Jajko wbijamy do szklanki i mieszamy widelcem, żeby żółtko i białko się połączyły. Dodajemy jogurt, sól, pieprz. Dokładnie i energicznie mieszamy, żeby wszystko się połączyło (i nie było grudek od jogurtu ;)). Przelewamy równomiernie na wierzch tarty.
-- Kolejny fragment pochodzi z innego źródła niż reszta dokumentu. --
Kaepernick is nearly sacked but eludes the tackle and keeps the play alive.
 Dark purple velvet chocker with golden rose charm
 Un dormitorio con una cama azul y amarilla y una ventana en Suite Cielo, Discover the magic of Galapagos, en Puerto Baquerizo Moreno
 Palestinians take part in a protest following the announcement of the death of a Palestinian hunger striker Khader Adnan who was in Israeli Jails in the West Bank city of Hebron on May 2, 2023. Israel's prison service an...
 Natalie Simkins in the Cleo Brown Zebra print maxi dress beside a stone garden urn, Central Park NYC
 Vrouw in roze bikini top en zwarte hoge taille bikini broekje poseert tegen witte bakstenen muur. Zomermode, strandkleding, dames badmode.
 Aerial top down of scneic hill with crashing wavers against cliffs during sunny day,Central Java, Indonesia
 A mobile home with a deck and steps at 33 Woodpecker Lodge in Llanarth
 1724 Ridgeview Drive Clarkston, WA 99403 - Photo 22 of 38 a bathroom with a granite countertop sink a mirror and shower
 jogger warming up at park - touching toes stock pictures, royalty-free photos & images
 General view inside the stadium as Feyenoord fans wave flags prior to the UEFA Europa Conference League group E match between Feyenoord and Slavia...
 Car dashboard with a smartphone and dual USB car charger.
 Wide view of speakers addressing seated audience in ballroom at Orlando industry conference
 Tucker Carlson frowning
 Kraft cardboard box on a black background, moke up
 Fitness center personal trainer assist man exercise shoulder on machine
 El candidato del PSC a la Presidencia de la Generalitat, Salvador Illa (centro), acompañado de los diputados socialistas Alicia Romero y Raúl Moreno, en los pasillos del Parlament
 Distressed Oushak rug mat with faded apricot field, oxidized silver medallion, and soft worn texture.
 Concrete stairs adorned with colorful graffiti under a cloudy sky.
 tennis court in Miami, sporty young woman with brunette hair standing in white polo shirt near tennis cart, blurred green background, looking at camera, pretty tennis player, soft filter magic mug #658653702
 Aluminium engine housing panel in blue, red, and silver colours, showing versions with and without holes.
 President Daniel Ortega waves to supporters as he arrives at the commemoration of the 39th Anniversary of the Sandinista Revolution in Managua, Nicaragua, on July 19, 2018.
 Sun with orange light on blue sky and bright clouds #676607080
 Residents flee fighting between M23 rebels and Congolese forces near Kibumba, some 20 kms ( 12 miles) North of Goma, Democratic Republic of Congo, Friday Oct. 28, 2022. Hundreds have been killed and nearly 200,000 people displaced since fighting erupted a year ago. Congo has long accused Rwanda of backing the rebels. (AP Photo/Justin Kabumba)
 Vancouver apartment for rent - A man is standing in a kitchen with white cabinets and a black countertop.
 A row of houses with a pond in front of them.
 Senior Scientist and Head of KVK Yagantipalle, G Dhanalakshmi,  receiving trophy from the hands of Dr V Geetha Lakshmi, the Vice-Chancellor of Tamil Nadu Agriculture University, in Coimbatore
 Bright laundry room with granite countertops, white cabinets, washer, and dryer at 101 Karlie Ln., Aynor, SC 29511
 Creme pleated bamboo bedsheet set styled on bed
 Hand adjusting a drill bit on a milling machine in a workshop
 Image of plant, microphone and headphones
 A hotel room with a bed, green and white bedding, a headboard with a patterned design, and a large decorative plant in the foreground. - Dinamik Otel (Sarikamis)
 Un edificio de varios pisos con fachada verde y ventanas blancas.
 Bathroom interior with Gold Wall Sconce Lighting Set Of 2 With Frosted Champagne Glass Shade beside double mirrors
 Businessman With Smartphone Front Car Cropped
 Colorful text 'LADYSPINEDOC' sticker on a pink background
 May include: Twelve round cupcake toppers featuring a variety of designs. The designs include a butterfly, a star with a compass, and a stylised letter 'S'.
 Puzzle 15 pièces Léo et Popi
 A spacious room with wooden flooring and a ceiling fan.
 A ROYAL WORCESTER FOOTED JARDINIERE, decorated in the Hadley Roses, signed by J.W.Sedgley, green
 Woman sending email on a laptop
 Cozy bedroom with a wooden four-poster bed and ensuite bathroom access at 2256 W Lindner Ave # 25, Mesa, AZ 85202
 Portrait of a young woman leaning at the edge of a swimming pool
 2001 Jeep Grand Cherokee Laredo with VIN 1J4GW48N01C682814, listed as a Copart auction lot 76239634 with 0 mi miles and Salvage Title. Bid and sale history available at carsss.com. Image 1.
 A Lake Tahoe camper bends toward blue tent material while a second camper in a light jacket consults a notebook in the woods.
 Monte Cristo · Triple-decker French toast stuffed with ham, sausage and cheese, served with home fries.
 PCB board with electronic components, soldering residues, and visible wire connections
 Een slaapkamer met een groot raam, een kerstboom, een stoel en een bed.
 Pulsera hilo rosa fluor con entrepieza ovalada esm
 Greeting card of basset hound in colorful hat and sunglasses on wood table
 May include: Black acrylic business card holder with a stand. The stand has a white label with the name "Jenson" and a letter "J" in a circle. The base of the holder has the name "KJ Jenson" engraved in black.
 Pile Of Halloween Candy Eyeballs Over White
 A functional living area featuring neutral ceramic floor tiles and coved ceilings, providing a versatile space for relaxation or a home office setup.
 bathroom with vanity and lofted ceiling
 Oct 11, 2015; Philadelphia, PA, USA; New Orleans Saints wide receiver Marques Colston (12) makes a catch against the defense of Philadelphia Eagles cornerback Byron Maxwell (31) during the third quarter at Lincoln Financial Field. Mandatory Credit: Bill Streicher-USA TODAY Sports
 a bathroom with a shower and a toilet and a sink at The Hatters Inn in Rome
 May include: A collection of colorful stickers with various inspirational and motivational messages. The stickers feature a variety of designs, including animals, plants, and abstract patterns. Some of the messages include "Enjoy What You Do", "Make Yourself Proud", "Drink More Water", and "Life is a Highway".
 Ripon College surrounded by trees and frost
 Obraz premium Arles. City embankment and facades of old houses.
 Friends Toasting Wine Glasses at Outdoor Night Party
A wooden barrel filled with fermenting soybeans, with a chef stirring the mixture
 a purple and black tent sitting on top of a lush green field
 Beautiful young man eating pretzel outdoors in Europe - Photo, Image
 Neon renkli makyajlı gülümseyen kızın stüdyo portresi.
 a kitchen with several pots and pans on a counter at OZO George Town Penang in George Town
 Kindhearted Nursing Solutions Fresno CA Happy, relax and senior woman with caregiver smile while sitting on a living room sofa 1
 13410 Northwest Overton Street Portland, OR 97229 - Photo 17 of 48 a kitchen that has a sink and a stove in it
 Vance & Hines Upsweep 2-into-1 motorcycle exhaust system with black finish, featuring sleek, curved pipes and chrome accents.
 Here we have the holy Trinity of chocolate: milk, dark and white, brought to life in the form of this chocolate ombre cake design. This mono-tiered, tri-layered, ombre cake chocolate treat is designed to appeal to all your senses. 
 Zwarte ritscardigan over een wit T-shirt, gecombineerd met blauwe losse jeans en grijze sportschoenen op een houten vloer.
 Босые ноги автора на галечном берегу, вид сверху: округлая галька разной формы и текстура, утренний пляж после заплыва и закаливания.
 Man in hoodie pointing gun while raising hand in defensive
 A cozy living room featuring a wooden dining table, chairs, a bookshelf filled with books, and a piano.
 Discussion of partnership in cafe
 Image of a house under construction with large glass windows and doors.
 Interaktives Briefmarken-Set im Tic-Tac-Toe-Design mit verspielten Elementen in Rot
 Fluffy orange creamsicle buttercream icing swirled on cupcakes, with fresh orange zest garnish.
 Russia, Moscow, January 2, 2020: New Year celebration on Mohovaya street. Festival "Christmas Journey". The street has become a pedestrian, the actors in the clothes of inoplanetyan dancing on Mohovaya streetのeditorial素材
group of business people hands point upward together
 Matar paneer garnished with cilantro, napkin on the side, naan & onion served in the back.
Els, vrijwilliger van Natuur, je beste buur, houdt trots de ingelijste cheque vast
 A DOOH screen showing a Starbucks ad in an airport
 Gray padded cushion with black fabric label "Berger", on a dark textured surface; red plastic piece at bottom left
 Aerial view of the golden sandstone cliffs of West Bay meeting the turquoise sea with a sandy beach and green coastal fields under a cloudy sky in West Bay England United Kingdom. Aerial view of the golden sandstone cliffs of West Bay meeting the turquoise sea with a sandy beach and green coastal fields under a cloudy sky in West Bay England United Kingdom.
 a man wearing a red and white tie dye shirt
Tartę wkładamy ponownie do nagrzanego do 190 stopni piekarnika. Pieczemy ok. 15 minut. Następnie posypujemy startym parmezanem i wkładamy na ponowne 5 minut do piekarnika. Wyjmujemy, odstawiamy na 5 minut, a następnie porcjujemy. Smacznego :)
2 komentarze
Obrazić się za kolejny przepis z kaszą jaglaną? Nigdy w życiu! Kasza jaglana najlepsza z kasz ♥ A tarta wygląda super :) Uwielbiam tarty na słodko, ale wytrawnej nie robiłam.